Emergencia

Honda preocupación en Venezuela por la rotura de un embalse: miles de personas buscan agua en el noreste del país

Crisis hídirca. Foto: Freepik
Crisis hídirca. Foto: Freepik
  • Naiara Philpotts
  • Editora formada en la Universidad de Buenos Aires, con posgrado en lectura crítica. Escribo sobre ciencia, tecnología y actualidad. Soy escritora de novelas y gran aficionada a la ciencia ficción.

La costa septentrional de Venezuela afronta una de sus peores pesadillas, ya que una grave avería en un embalse del noreste del país mantiene en vilo a múltiples comunidades de la región. El descontento social y la incertidumbre aumentan a medida que pasan las semanas sin que el grifo devuelva la normalidad a los hogares de esta zona costera.
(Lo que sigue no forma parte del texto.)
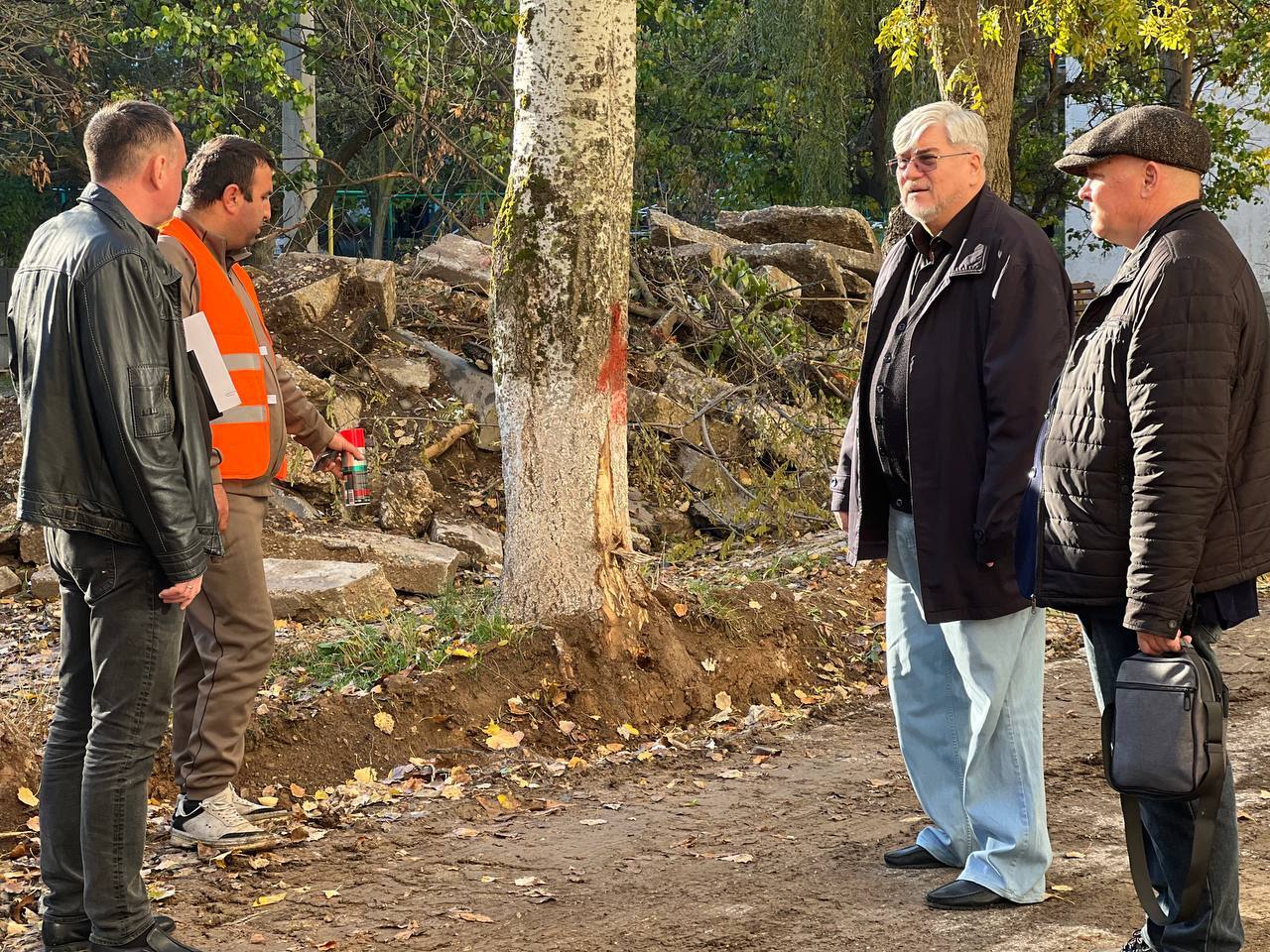 «На сегодняшний день рабочие завершили демонтаж старого бордюрного камня и приступили к установке нового. Следующий этап – благоустройство территорий, асфальтирование пешеходных зон и дорожного полотна», – Игорь Ивин «На сегодняшний день рабочие завершили демонтаж старого бордюрного камня и приступили к установке нового. Следующий этап – благоустройство территорий, асфальтирование пешеходных зон и дорожного полотна», – Игорь Ивин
La delegación de la Unión Europea en la nación caribeña, como respuesta a la gravedad de este escenario, anunció una donación de 150.000 euros. Esta inyección de fondos busca ayudar a la Cruz Roja local para que asista con recursos de potabilización a la población civil. Alrededor de 18.000 ciudadanos se beneficiarán de este programa de auxilio internacional en un territorio que se encuentra sumido en la escasez.

¿Qué originó el colapso del suministro hídrico en Sucre y Nueva Esparta?

El origen del desastre se halla en un fallo estructural del túnel de trasvase del embalse de Turimiquire, una presa que abastece a una parte sustancial del territorio nororiental. Un movimiento telúrico, cuya fecha exacta las autoridades no han precisado, provocó un derrumbe en la infraestructura de este sistema de distribución a finales de febrero.

El colapso obligó a decretar la emergencia en el estado Sucre y afectó con dureza a municipios como Bolívar, Cruz Salmerón Acosta y la capital, Cumaná, además de extenderse a la vecina Isla de Margarita.

A raíz de este corte definitivo del servicio, miles de personas carecen de agua en sus viviendas y se ven forzadas a realizar trayectos diarios extenuantes para recolectar el recurso, según información compartida por Tal Cual.

La rotura del túnel del embalse incomunicó de manera temporal a ocho operarios que realizaban labores de mantenimiento en el interior de la obra, a quienes rescataron a finales de marzo. Quienes habitan en las zonas afectadas acuden a ríos, camiones cisterna y tomas improvisadas en plena calle para cocinar, lavar la ropa y mantener unos mínimos de salubridad en sus hogares.

El impacto económico de la sequía y la búsqueda extrema de alternativas

El sector comercial de Cumaná acumula pérdidas que los analistas tasan en 16 millones de euros, con una inactividad comercial que alcanza el 40 % de los establecimientos de la ciudad. Muchas pescaderías y conserveras de pescado no pueden procesar su mercancía por la falta de recursos, mientras las escuelas suspenden las clases presenciales.

Para subsistir en un entorno tan hostil, la inventiva de la población se ha agudizado de forma desesperada. En la península de Araya, los vecinos cavan pozos artesanales en la tierra, mientras que en Cumaná es habitual ver a ciudadanos que acarrean desde garrafas de plástico a tuberías rotas en las carreteras.

«A diario hay que estar consiguiendo el agua, venir para estas zonas», relata su experiencia diaria ante la crisis Ronald Maíz, un transportista de la zona, según lo citado por el medio local venezolano Confirmado. El afectado añade que prefiere adquirir botellas de consumo comercial por un valor cercano a un dólar, pues el consumo directo de estas tomas públicas le causó dolencias digestivas severas en el pasado.

Una infraestructura lastrada por el deterioro del tiempo

La magnitud de la crisis actual no es un hecho aislado, sino la consecuencia de una problemática de largo recorrido. De acuerdo con los análisis técnicos publicados en el espacio académico de Debates IESA, la represa de Turimiquire arrastra filtraciones de gravedad desde el año 1990.

Pese a que el Estado venezolano desembolsó unos cincuenta millones de euros en ocho proyectos de reparación a lo largo de las últimas décadas, los parches aplicados bajo la superficie del agua no solucionaron la raíz del daño en la presa de Las Canaletas.

En el informe mencionado, el ingeniero Rafael Guevara Briceño, experto en el área hidráulica, apunta que las fugas históricas en esta estructura llegaron a rozar los 9.000 litros por segundo. La solución, según este especialista, requiere un vaciado controlado de la presa para ejecutar obras en seco, una maniobra que obligaría a activar desalinizadoras y optimizar conexiones submarinas para no dejar desértica a la Isla de Margarita durante el proceso.